● To do: Below is a listing; print exactly its lines from the one containing "Nuovo set di" down to the one containing "Kanchipuram silk saree", both inclusive, with every picture left out.

Top of Material to process

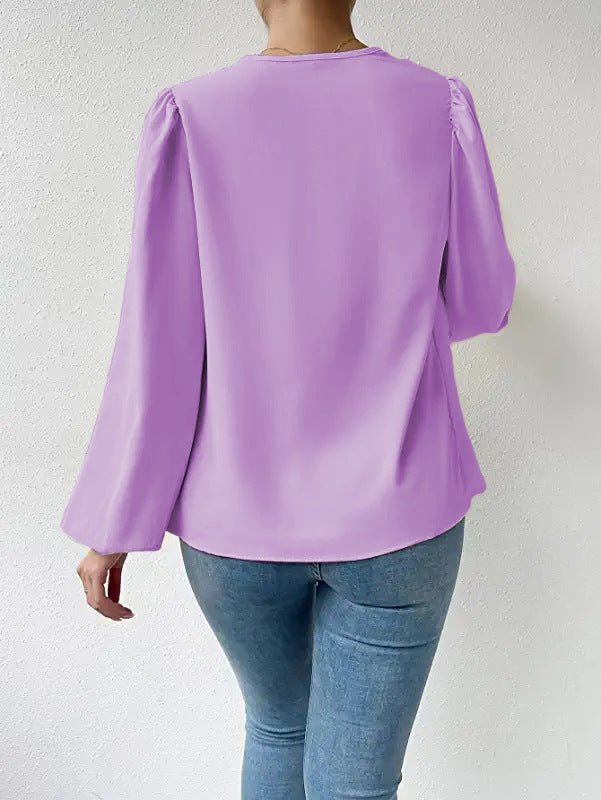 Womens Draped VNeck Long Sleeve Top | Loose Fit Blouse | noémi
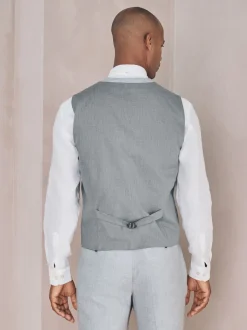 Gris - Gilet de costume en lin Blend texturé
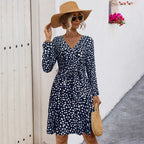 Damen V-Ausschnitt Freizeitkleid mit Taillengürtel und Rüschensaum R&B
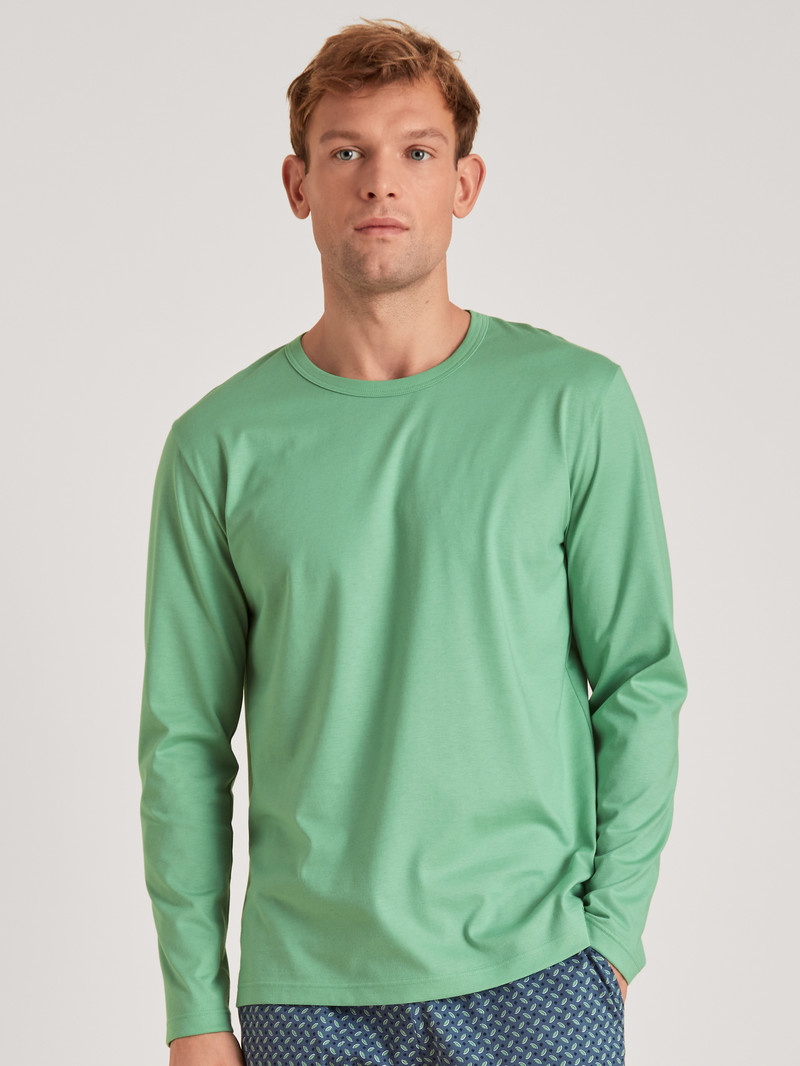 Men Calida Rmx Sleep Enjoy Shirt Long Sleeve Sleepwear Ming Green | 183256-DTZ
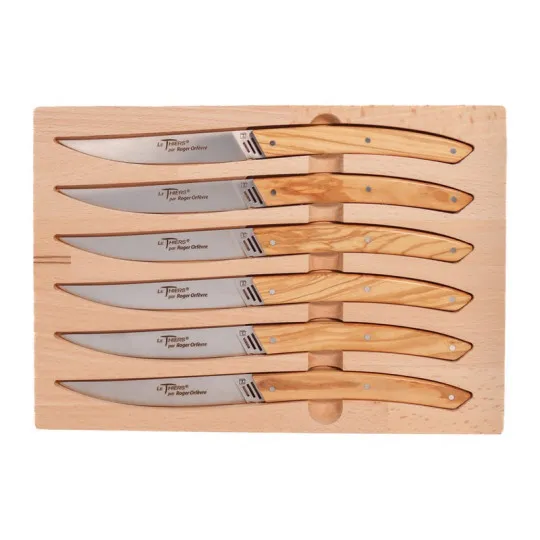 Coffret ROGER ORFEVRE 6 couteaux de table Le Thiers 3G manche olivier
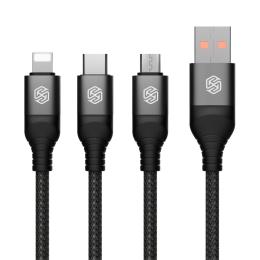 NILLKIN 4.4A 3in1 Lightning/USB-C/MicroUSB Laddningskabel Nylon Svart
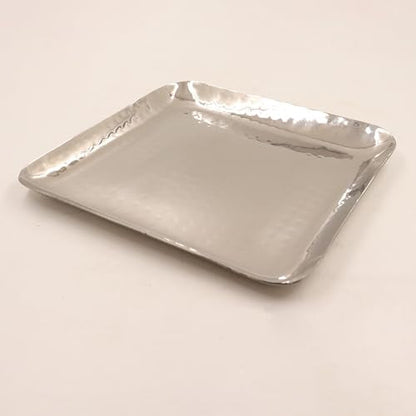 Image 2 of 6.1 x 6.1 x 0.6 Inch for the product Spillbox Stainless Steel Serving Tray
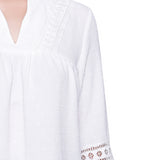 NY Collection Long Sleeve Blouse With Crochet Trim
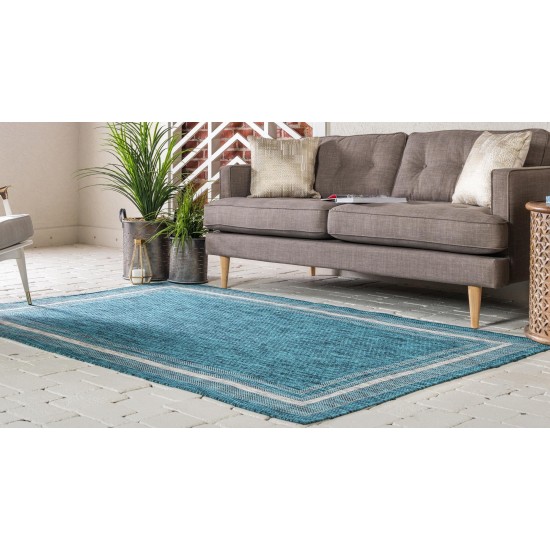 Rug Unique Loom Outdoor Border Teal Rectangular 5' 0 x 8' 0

Bottom of Material to process
Top of Material to process

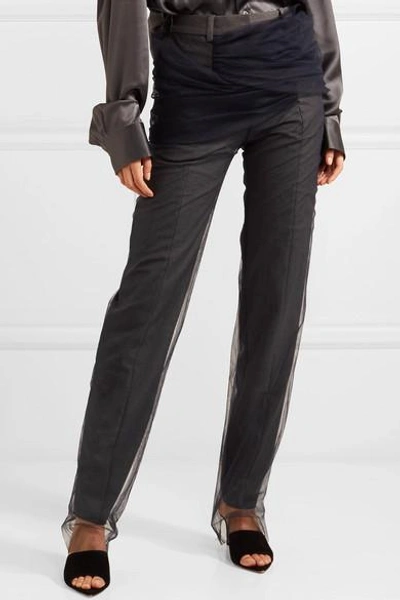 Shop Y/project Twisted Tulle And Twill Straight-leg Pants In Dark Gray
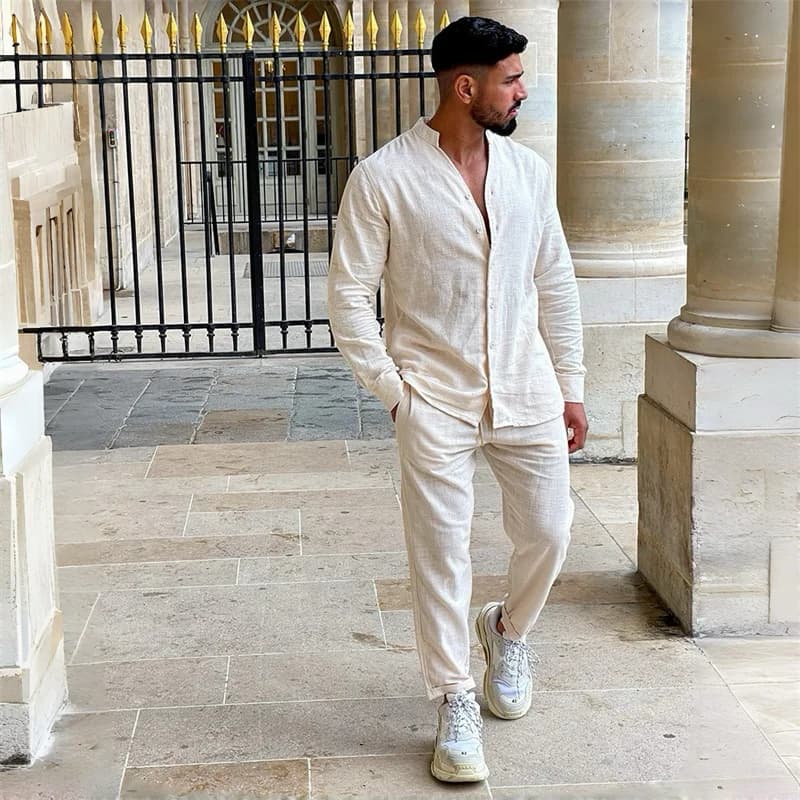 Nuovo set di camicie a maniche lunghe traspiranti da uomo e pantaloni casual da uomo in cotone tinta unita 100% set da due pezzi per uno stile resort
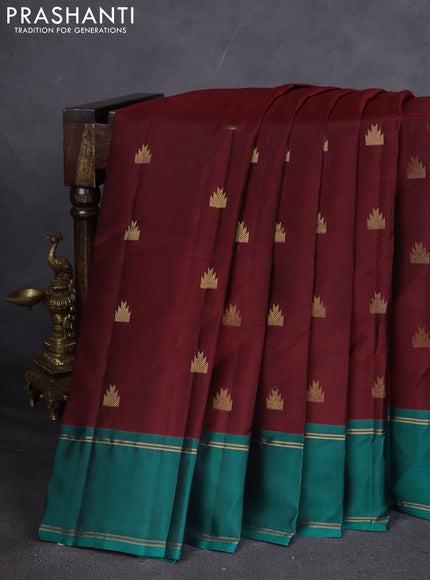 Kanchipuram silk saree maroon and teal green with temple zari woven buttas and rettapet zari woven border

Bottom of Material to process
Top of Material to process

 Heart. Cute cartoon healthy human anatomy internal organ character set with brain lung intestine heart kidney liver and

Bottom of Material to process

● Output of the task:
 Nuovo set di camicie a maniche lunghe traspiranti da uomo e pantaloni casual da uomo in cotone tinta unita 100% set da due pezzi per uno stile resort
 Kanchipuram silk saree maroon and teal green with temple zari woven buttas and rettapet zari woven border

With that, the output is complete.